Dixon Brian E, Rosenman Marc, Xia Yuni, Grannis Shaun J
School of Informatics and Computing, Indiana University-Purdue University Indianapolis, Indianapolis, IN, USA.
Stud Health Technol Inform. 2013;192:884-8.
In parallel with the implementation of information and communications systems, health care organizations are beginning to amass large-scale repositories of clinical and administrative data. Many nations seek to leverage so-called Big Data repositories to support improvements in health outcomes, drug safety, health surveillance, and care delivery processes. An unsupported assumption is that electronic health care data are of sufficient quality to enable the varied use cases envisioned by health ministries. The reality is that many electronic health data sources are of suboptimal quality and unfit for particular uses. To more systematically define, characterize and improve electronic health data quality, we propose a novel framework for health data stewardship. The framework is adapted from prior data quality research outside of health, but it has been reshaped to apply a systems approach to data quality with an emphasis on health outcomes. The proposed framework is a beginning, not an end. We invite the biomedical informatics community to use and adapt the framework to improve health data quality and outcomes for populations in nations around the world.

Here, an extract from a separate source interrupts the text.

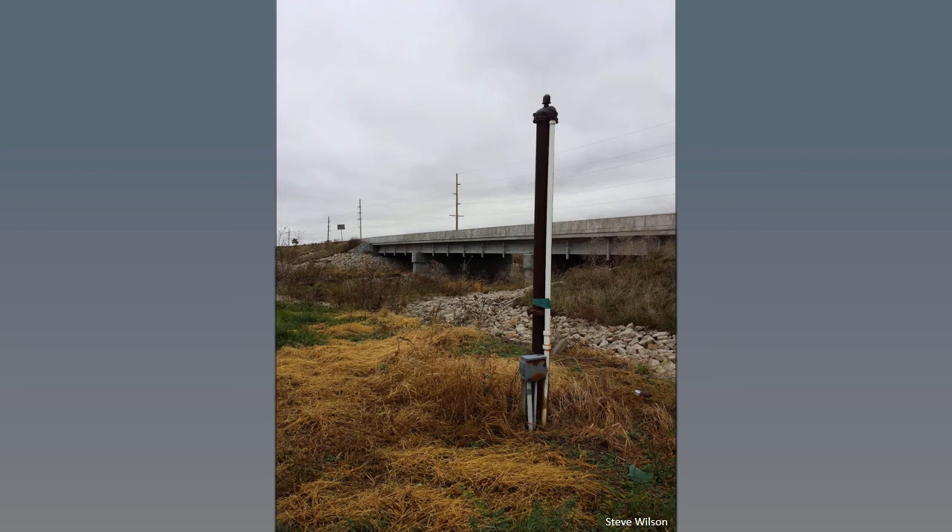Another option is to replace your vented cap with a waterproof one for just during the flood event. This may provide added protection, but it's still always best to test your water after the flood to be sure your well is not contaminated.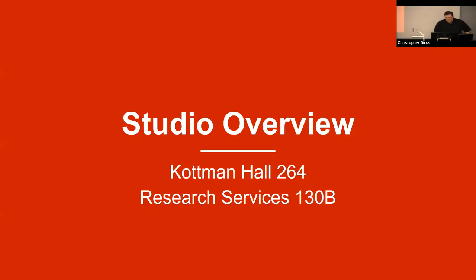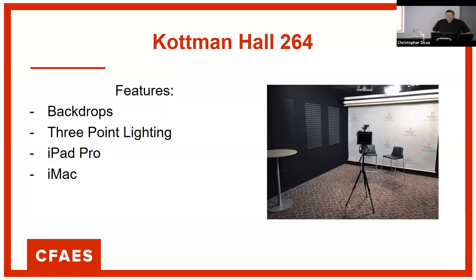Let's start with our studio overview. We now have two studio spaces: one in 264 Cotman Hall, available for use, and one here in Worcester, Research Services 130B. While they have some similar capabilities, there are some differences between the two. Inside Cotman 264 we have four pull-down backdrops: a branded CFAS college backdrop, a mottled gray backdrop like you'd see in a photo studio, a green screen, and eventually an OSU-branded backdrop.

在实施信息和通信系统的同时,医疗保健机构开始积累大规模的临床和管理数据存储库。许多国家试图利用所谓的大数据存储库来支持改善健康结果、药物安全、健康监测和护理提供流程。一个未经证实的假设是,电子医疗数据的质量足以满足卫生部设想的各种用例。现实情况是,许多电子健康数据源的质量欠佳,不适用于特定用途。为了更系统地定义、描述和提高电子健康数据质量,我们提出了一个新的健康数据管理框架。该框架改编自健康领域以外先前的数据质量研究,但经过重塑后采用了系统方法来处理数据质量,并强调健康结果。所提出的框架只是一个开端,而非终点。我们邀请生物医学信息学界使用并调整该框架,以提高全球各国人群的健康数据质量和健康结果。